## Task requirements
Return, word for word, the line that contains "Marvel Comics Ultimate" and every line after it through the end of the records.

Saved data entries
☆ ☆ ☆ ☆ ☆ ☆ ☆
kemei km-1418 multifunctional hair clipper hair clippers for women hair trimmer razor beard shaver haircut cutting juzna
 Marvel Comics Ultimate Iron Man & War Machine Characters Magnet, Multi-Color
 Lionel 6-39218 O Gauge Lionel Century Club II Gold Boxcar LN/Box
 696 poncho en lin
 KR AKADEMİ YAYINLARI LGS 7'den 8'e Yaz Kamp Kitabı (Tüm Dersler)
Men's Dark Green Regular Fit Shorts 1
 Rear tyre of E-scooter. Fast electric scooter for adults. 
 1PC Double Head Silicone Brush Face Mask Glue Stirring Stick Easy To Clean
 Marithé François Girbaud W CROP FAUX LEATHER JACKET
☆ ☆ ☆ ☆ ☆ ☆ ☆
## Solution for this problem
 Marvel Comics Ultimate Iron Man & War Machine Characters Magnet, Multi-Color
 Lionel 6-39218 O Gauge Lionel Century Club II Gold Boxcar LN/Box
 696 poncho en lin
 KR AKADEMİ YAYINLARI LGS 7'den 8'e Yaz Kamp Kitabı (Tüm Dersler)
Men's Dark Green Regular Fit Shorts 1
 Rear tyre of E-scooter. Fast electric scooter for adults. 
 1PC Double Head Silicone Brush Face Mask Glue Stirring Stick Easy To Clean
 Marithé François Girbaud W CROP FAUX LEATHER JACKET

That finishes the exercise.